-- Provided data follows --

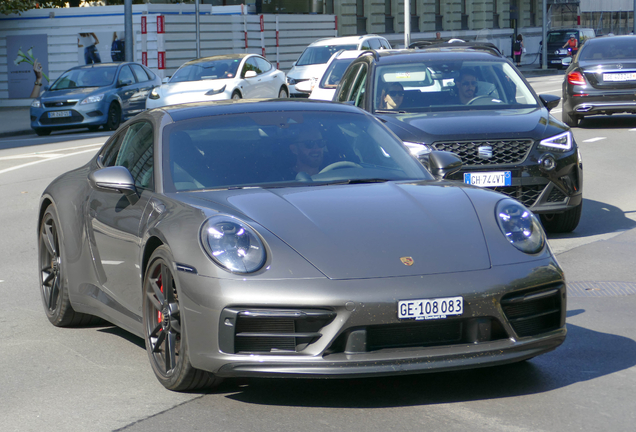 Porsche 992 Carrera GTS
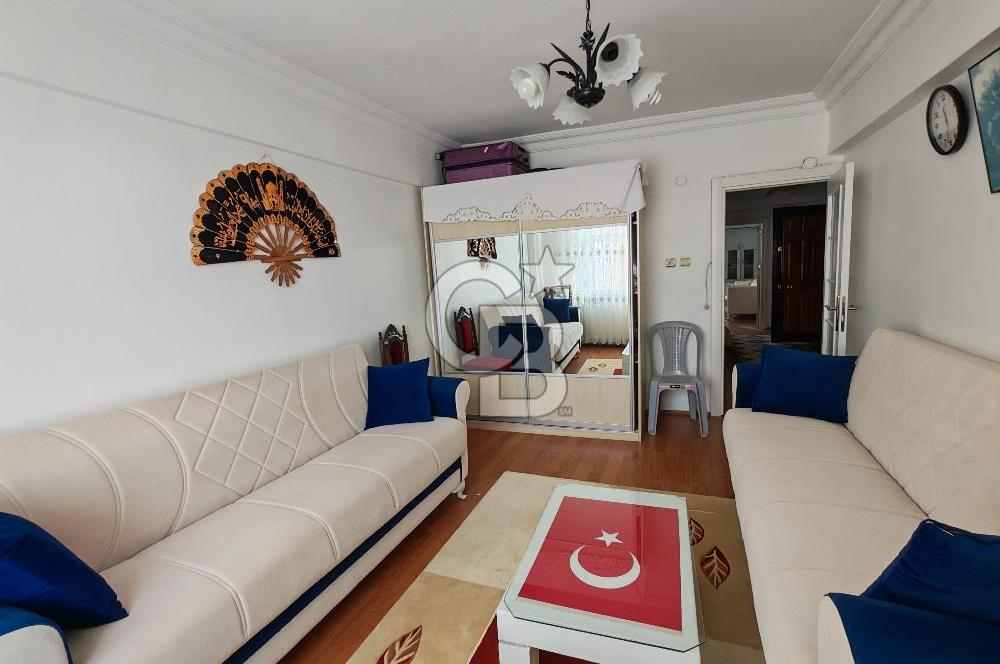 Yeni Bağdat cadde'sinde;çift cepheli satılık 2+1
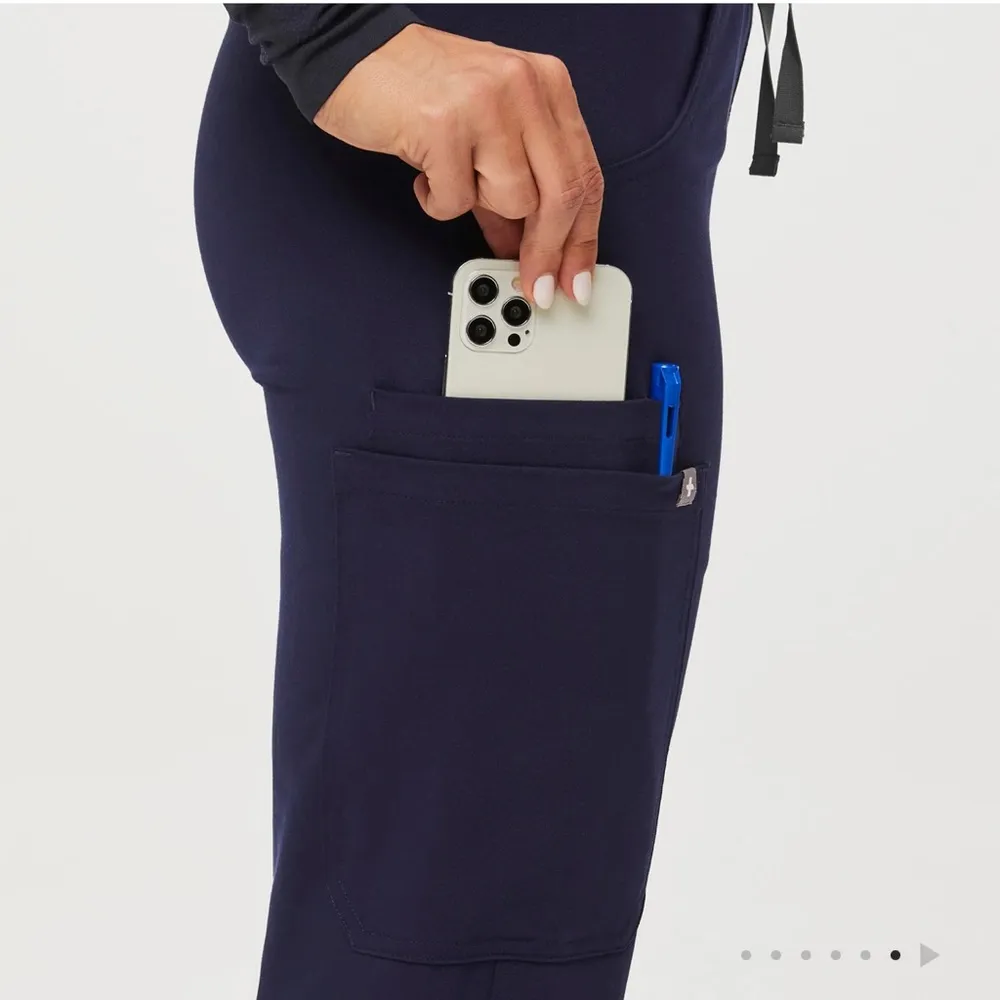 FIGS Kade Cargo Scrub Pants in Navy Size XXL/P - Image 7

-- Provided data concluded --

**Work to be completed:** None of the pictures should appear; copy the rest of the material above exactly.

**Result:**
 Porsche 992 Carrera GTS
 Yeni Bağdat cadde'sinde;çift cepheli satılık 2+1
 FIGS Kade Cargo Scrub Pants in Navy Size XXL/P - Image 7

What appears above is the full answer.